Hardware and decentralized-control algorithms have been developed during continued research on the sensors, the actuators, and the design and functional requirements for systems of multiple mobile robots cooperating in the performance of tightly coupled tasks — for example, grasping and lifting long objects on challenging terrain. [Different aspects of the hardware and algorithms were described in “Advances in Cooperative Transport by Two Mobile Robots” (NPO-30376) NASA Tech Briefs, Vol. 26, No. 8 (August 2002), page 60. Although this research is oriented toward developing robotic capabilities for exploration of Mars, these capabilities could also be utilized on Earth.

Figure 1. Two Mars Rovers cooperate in carrying a long payload.

Two robots used in this research have been rovers designed for prototype Mars missions: the Sample Return Rover and the Sample Return Rover 2000 (see Figure 1). Robotic arms (manipulators) on both rovers were modified to include grippers redesigned as their end effectors. Each gripper (see Figure 2) is of a simple yet novel design, incorporating three interlocking digits: Two fingers facing one side straddle a thumb that faces the opposite side, and these opposing digits are driven at their respective bases by counterrotating, parallel pivots. The finger and thumb pivots are driven through a transmission actuated by a single DC motor equipped with an incremental- shaft-angle encoder for feedback. The fingers and thumb are hooked at their tips to provide positive retention against slippage of a grasped payload. The finger geometry accommodates a variety of payloads of any general cross section narrow enough to fit between the fingers.

The design of the grippers provides passive compliance to simplify control of the gripping process: A spring loaded pivot at the base of each digit enables flexing to “open up the grip,” when the payload exerts an overload on the gripper. In the absence of a payload, mechanical hard stops and limit switches arrest the gripper and signal its closure. The compliant joint on each digit also includes a switch that provides limited feedback related to the gripping force, by signaling the point at which each digit flexes open. Another sensor that provides feedback is located in the “palm” of the gripper: a compliant bumper on a switch provides information related to the location of the payload; that is, whether or not the payload has been grasped.

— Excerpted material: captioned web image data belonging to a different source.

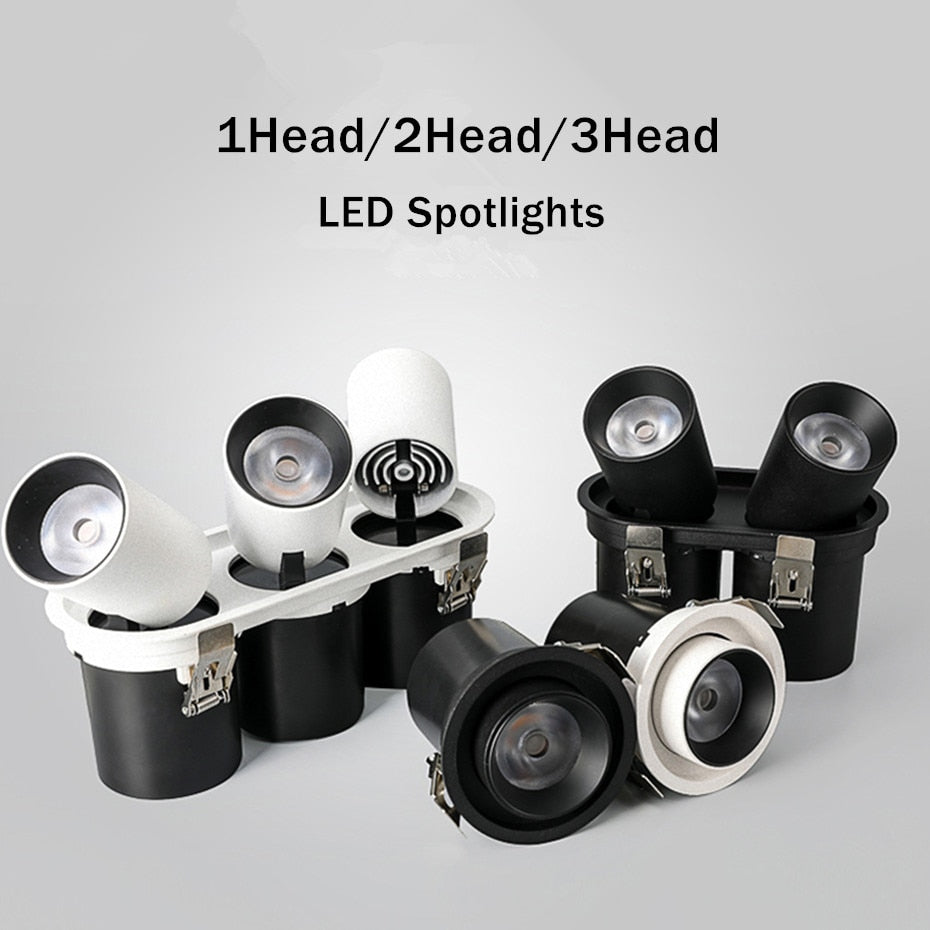 Stretchable Recessed Downlight Led Ceiling Downlight Telescopic Rotary Spot Lamp For Living Room Restaurant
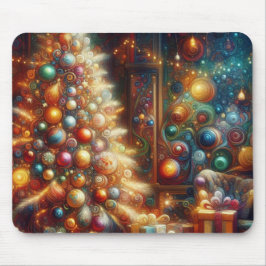 Retro Kerstboom + Kerstboom Decoraties Muismat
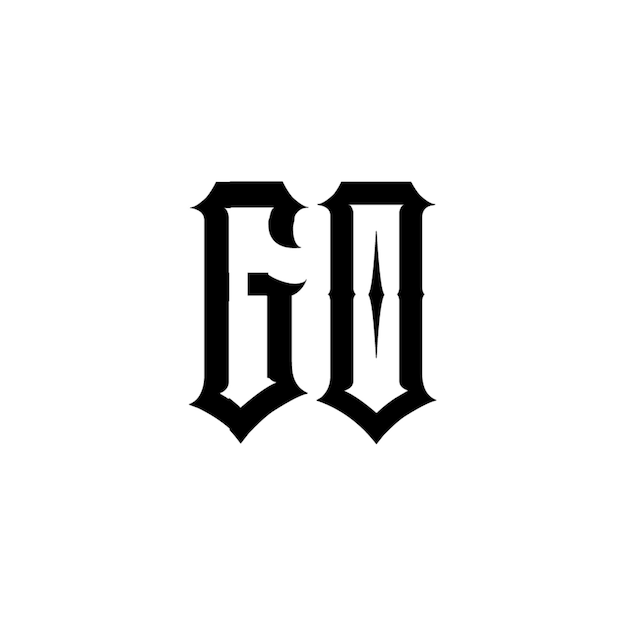 GO-Monogramm-Logo-Design, Buchstabe, Text, Name, Symbol, einfarbig, Logo, Alphabet, Zeichen, einfaches Logo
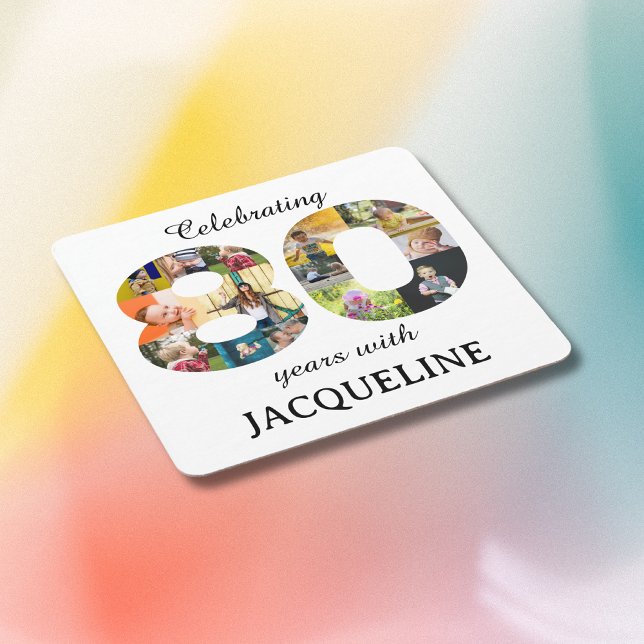 80th Birthday Photo Template Invitation Square Paper Coaster (80th birthday personalized coasters with family photo collage template.)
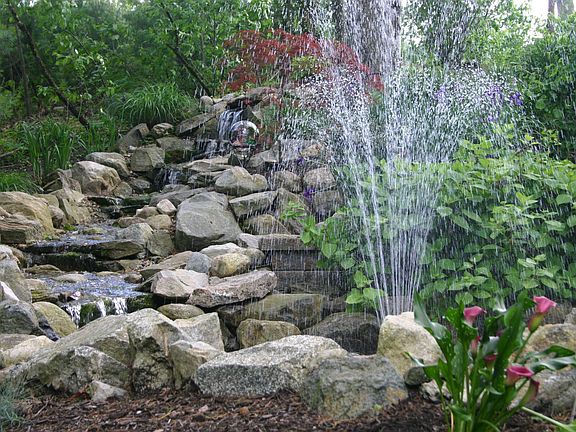 Waterfall and fountain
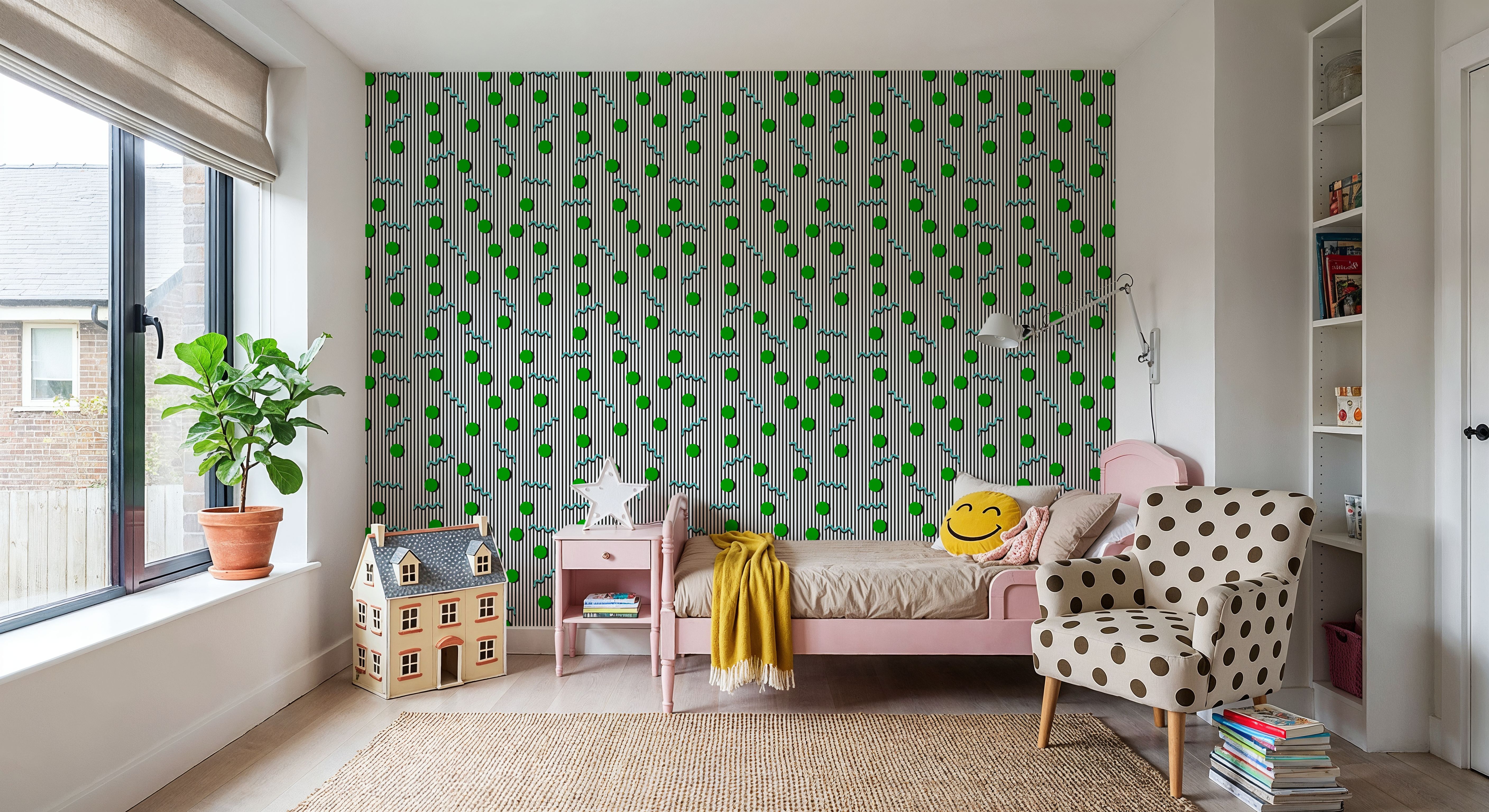 Memphis Dots & Stripes, White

The cooperative grasping and lifting behavior of the robots is characterized as being partitioned into the following four distinct phases:

Figure 2. A Gripper includes two fingers that straddle and oppose a thumb. The fingers and thumb are connected at their bases to compliant pivots counterrotated by a motor and transmission.
  1. Visual Target Search Phase

    In this phase, cameras on the rovers are used to search and capture images of unique patterns placed at specified positions on the payload. From the images, estimates of the Cartesian coordinates of the point of grasp and of an approach unit vector are computed for each rover. Estimates of the distance each rover must travel and the orientation that each rover must assume to place the payload within the work space of its manipulator are also computed. Synchronization occurs between the rovers, and both rovers proceed to position and orient themselves within their respective manipulator work spaces. The rovers then proceed to the approach phase.

  2. Approach Phase

    The gripper of each rover is moved along the approach unit vector toward the point of grasp computed during the visual target search phase, until the palm contact switch is triggered. If contact is made as indicated by the thumb or finger switch during the approach, the gripper is moved away from the payload until thumb or finger switch is reset and the approach phase aborted. This completes the approach phase. Synchronization occurs between the rovers before proceeding to the grasp phase.

  3. Grasp Phase

    The digits are moved in such a manner as to ensure that the finger and thumb contact switches are triggered, confirming a firm grip of the payload. The gripper is not equipped with force and torque sensors; instead, the spring preloads of compliant joints are adjusted manually ahead of time to set the approximate value of the gripping force or a prescribed amount of over travel is used to give an estimated gripping force. An “intelligent” heuristic, rule-based compliance-control algorithm is implemented by use of the limited feedback provided by the contact switches during grasping. If the thumb contact switch is closed independently of any finger contact switch, the arm is moved perpendicular to approach unit vector until the thumb contact switch is reset to the open condition. A similar maneuver is performed if either or both of the finger contact switches are triggered independently of the thumb contact switch. These compensatory maneuvers have been demonstrated to guarantee a firm grasp with rover positioning errors of as much as 5 cm.

  4. Payload Lift Phase

    In this phase, the payload is lifted about 20 cm in two stages: 5 cm in the first stage and 15 cm in the second stage. It is easy to develop control algorithms that use the information provided by the switches on the fingers and thumb, along with the information from the bump switch in the palm, to deduce whether the payload is within grasp; that help to center the gripper about the payload; and that deduce minimal information about the orientation of the payload. For example, by determining which finger is flexing, such an algorithm can help to determine the angle of the payload.

This work was done by Ashitey Trebi-Ollennu, Hari Das Nayar, and Anthony Ganino of Caltech for NASA’s Jet Propulsion Laboratory.